Collected data:

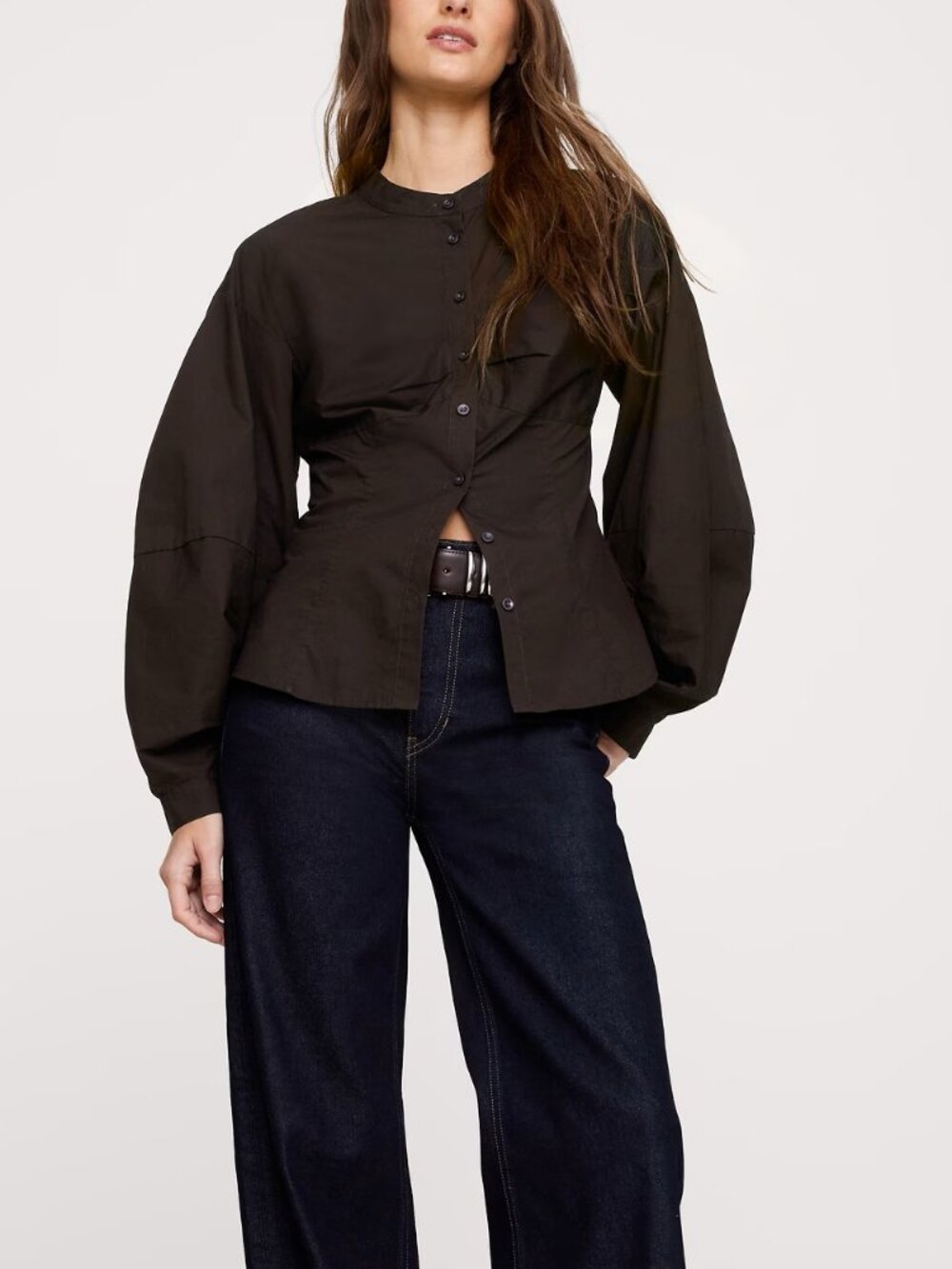 NEW Banana Republic Brown Cotton Poplin Balloon-Sleeve Corset Shirt Top 12T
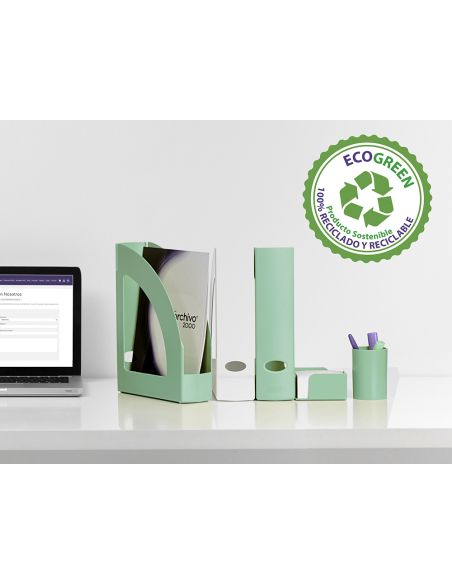 Cubilete Portalapices Archivo 2000 Verde Pastel Opaco Plastico 100% Reciclado Diametro 75 Mm Alto 105 Mm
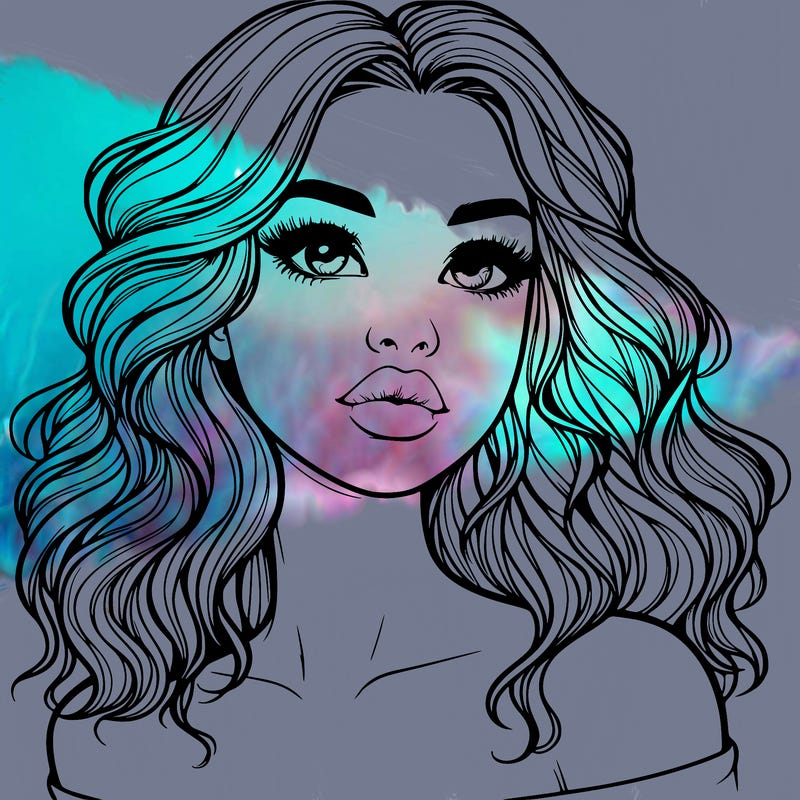 realistic girl with wavy hair and lips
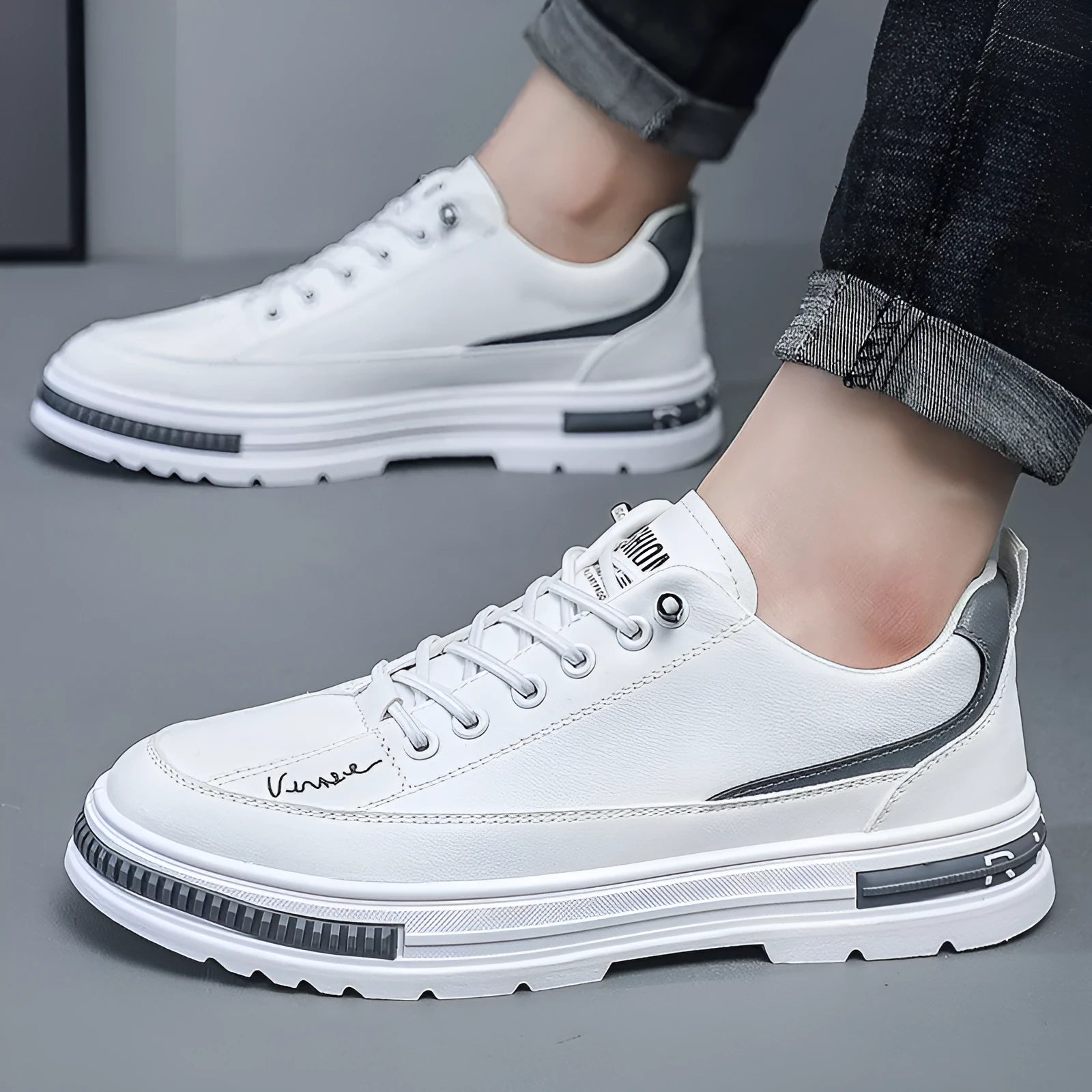 Men's white and black platform sneakers with elastic band closure and artificial PU upper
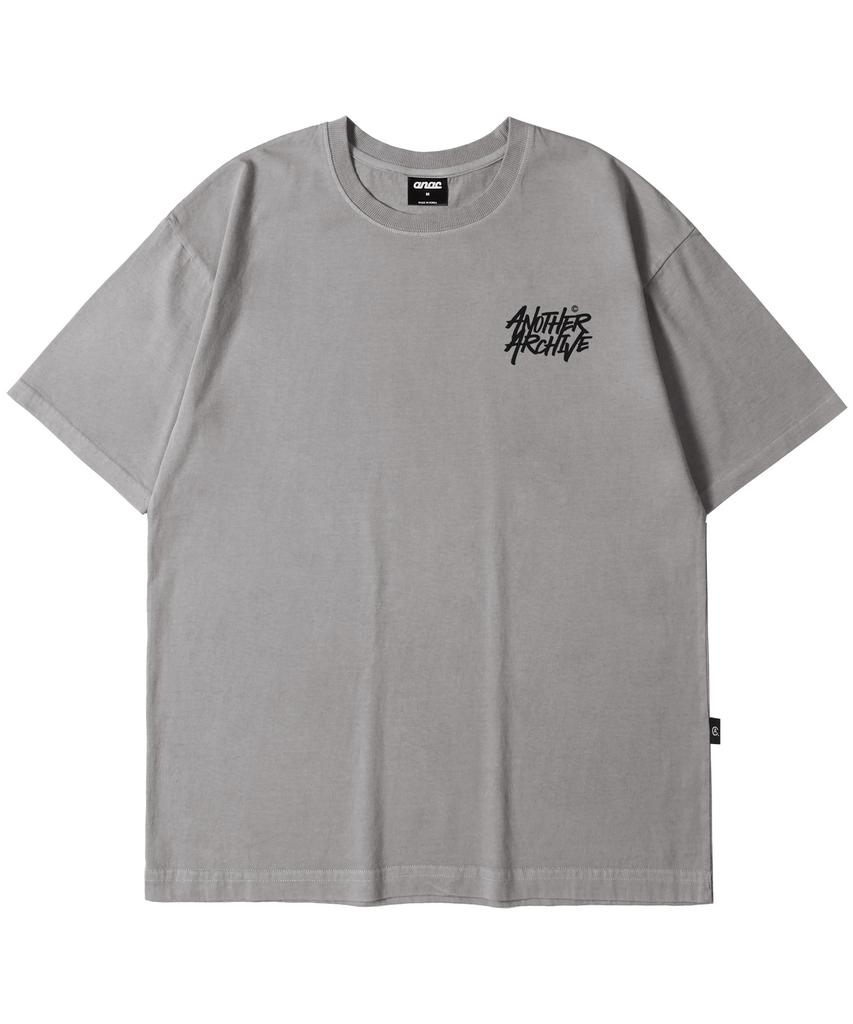 ANOTHER ARCHIVE Pigment Graffiti Logo Short Sleeve T-Shirt_Khaki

Problem to solve:
Each line from the line containing "Men's white and" through the last line above must be written out exactly, and every picture must be omitted.

Output of the task:
 Men's white and black platform sneakers with elastic band closure and artificial PU upper
 ANOTHER ARCHIVE Pigment Graffiti Logo Short Sleeve T-Shirt_Khaki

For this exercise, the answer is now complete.